Eastern’s AAHM kickoff shared historic African American figures

Qwen+Collins%2C+a+junior+nursing+major%2C+tries+to+win+different+prizes+by+playing+Black+History+Bingo+Monday+night+for+the+African+American+Heritage+Month+Kickoff+event.

Ashanti Thomas

Qwen Collins, a junior nursing major, tries to win different prizes by playing Black History Bingo Monday night for the African American Heritage Month Kickoff event.

Katja Benz, Campus Reporter

Eastern’s University Board kicked off Black History Month Jan. 31 with a bingo tournament featuring historic and prominent African American figures.

Destiny Dye, senior early childhood education major and organizer of the event, said featuring these individuals was intentional.
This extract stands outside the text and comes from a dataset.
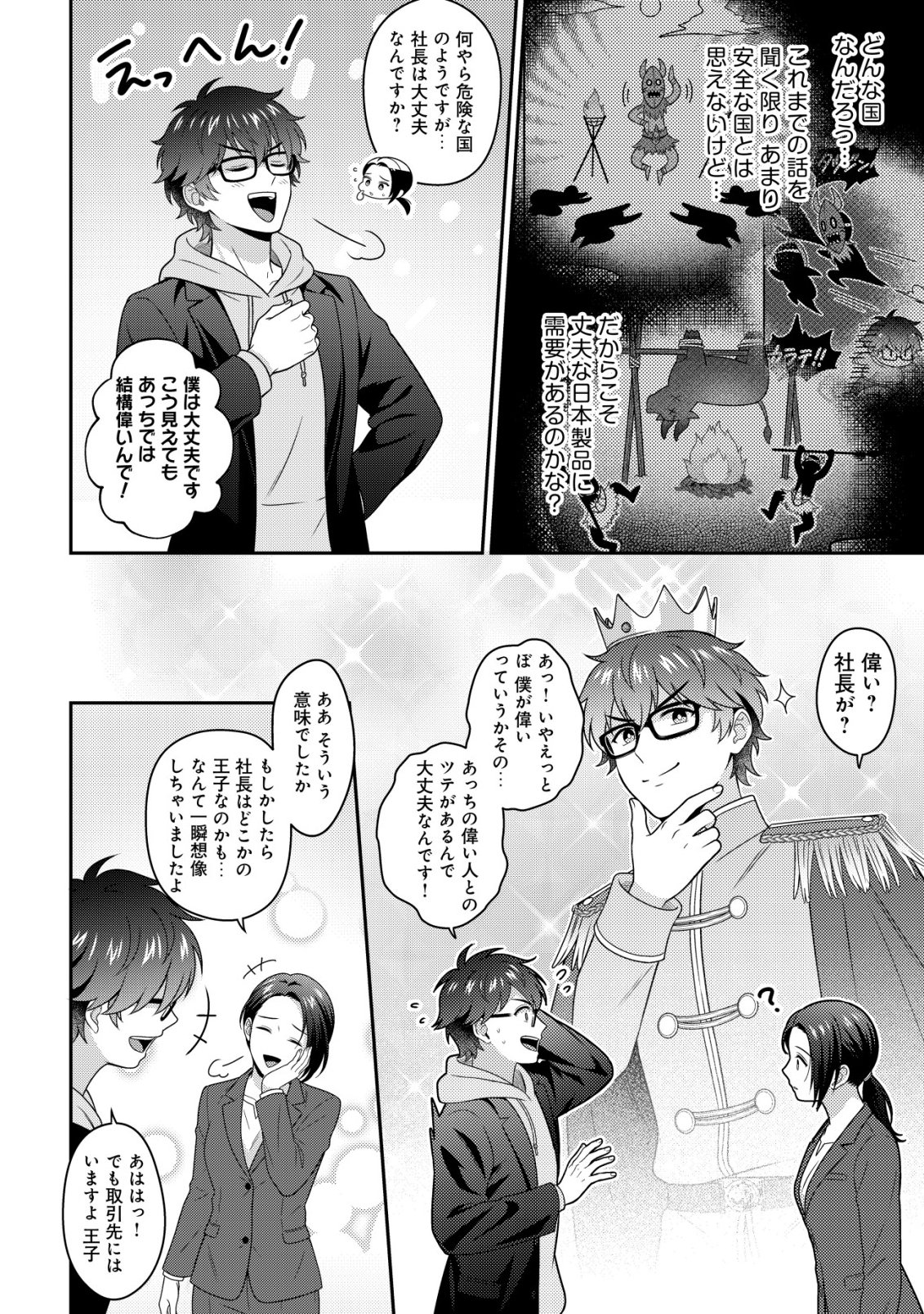 Page 19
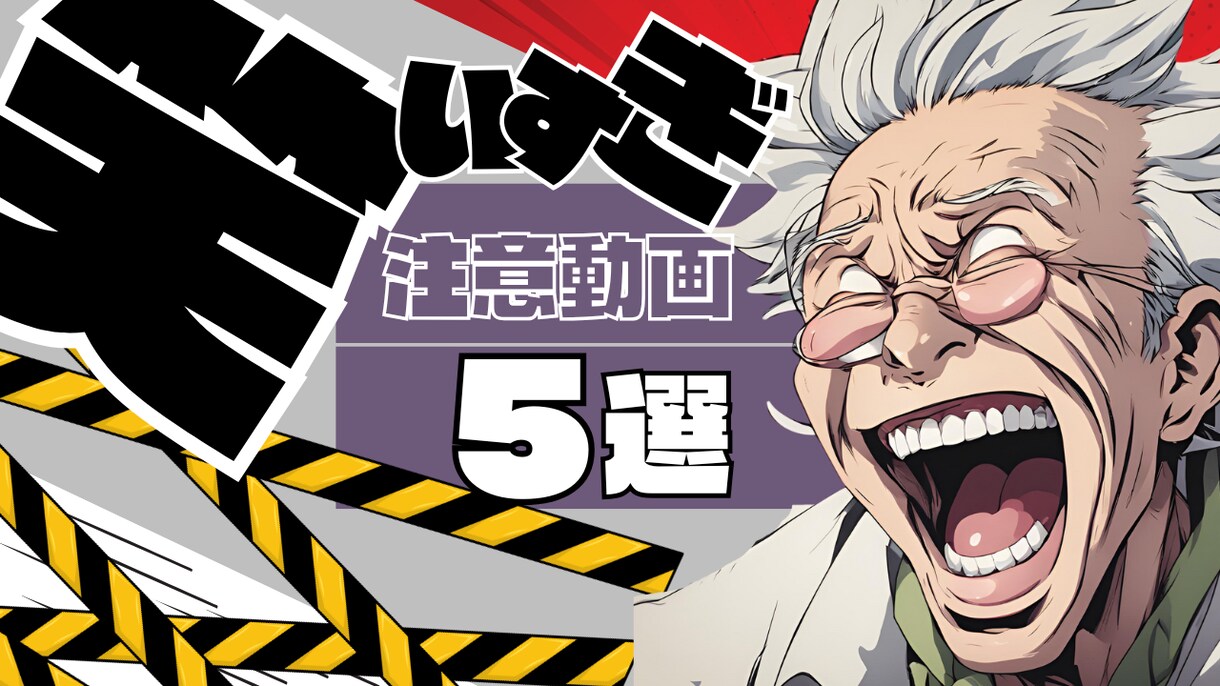 独創性の高いYouTube等のサムネイルを作ります 秒で脳に刺さるデザイン性！クリック率UP！即日納品です！ イメージ4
Dye also said that the colors at the event meant something.

“I think this was an excellent way to kick off Black History Month,” Dye said. “Because who doesn’t love bingo of course, and our bingo cards actually have historical figures who have made an impact not only on us as black people, but on the world as a whole. We have green, yellow and red tablecloths to show the significance of the colors that we have, the red and black and green balloons. I just thought this was a fun way. I was brainstorming a lot of ideas, but this is probably the best one because this one I know is gonna get everybody out.”

Even though Black History Month starts on Feb. 1, this event was a kick off for the other events throughout the month of February.

Tatianna Lemon, a sophomore early childhood education major, said going to kickoff events like this one, help black students come together.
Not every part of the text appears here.